The team sprinter will once again by Tyler Farrar, with Robbie Hunter filling the leadout role where necessary. The lineup is completed by the strong time trialists Dave Zabriskie and David Millar, who will both have three chances to chase success in the individual time trials, plus last year’s Paris-Roubaix winner Johan Vansummeren.
The latter riders will also provide general support to the GC riders when necessary.
“As in past Tours, we have a pretty diverse set of goals,” Vaughters told VeloNation today. “I think we have a couple of riders who can contend for the general classification.
“Ryder will start out as the leader of the team.

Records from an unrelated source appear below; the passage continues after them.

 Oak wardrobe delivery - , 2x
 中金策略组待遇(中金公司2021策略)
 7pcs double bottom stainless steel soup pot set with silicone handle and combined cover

Okay, we haven’t had someone [in recent years] who has won the Giro and then been able to be on the podium in the Tour de France; Contador was fourth or fifth last year, although he was then disqualified. The year before that Basso was seventh, I think, if I am not mistaken.
“So while in recent times there hasn’t been a rider who has been able to recover from winning the Giro to come and get the podium in the Tour de France, I think Ryder is unique in that he is very robust, physically. He’s also hasn’t taken a lot of the promotional opportunities, dinner with the prime minister of Canada and so on and so forth. He has actually just gone back and trained very hard for the month of June and recovered.
“From that respect, he has kept a very low profile and he has focussed on the Tour de France. And at the very end of the Giro, he was riding better than at the beginning. So I have no reason to believe that he can’t be a contender at the Tour de France.”
Hesjedal was previously sixth in the 2010 race. Both Vande Velde and Danielson have also finished in the top ten, with the former placing fourth in 2008 and eighth in 2009, and Danielson placing eighth in his debut last year.
In recent years, Farrar has chased sprint victories; he’ll continue to do so, but in a different manner. “Tyler is in a role where he can be the joker in the field sprints; I don’t see us pulling the bunch along for 120 kilometres, like we did in the past, as we are going to focus a little bit more on the general classification race this year. So we probably won’t be doing that.”
Vaughters said that he is excited to see how Dan Martin does in his first Tour. “Dan is an interesting wild card for mountain stages. I don’t know that he is quite ready to ride for the overall just yet, but if he loses some time in the time trials and flat stages, it puts him into a good position to get into some breakaways and ride aggressively in the mountains,” he said. “Certainly my hope would be that he can sneak in a stage win in one of the mountain stages.”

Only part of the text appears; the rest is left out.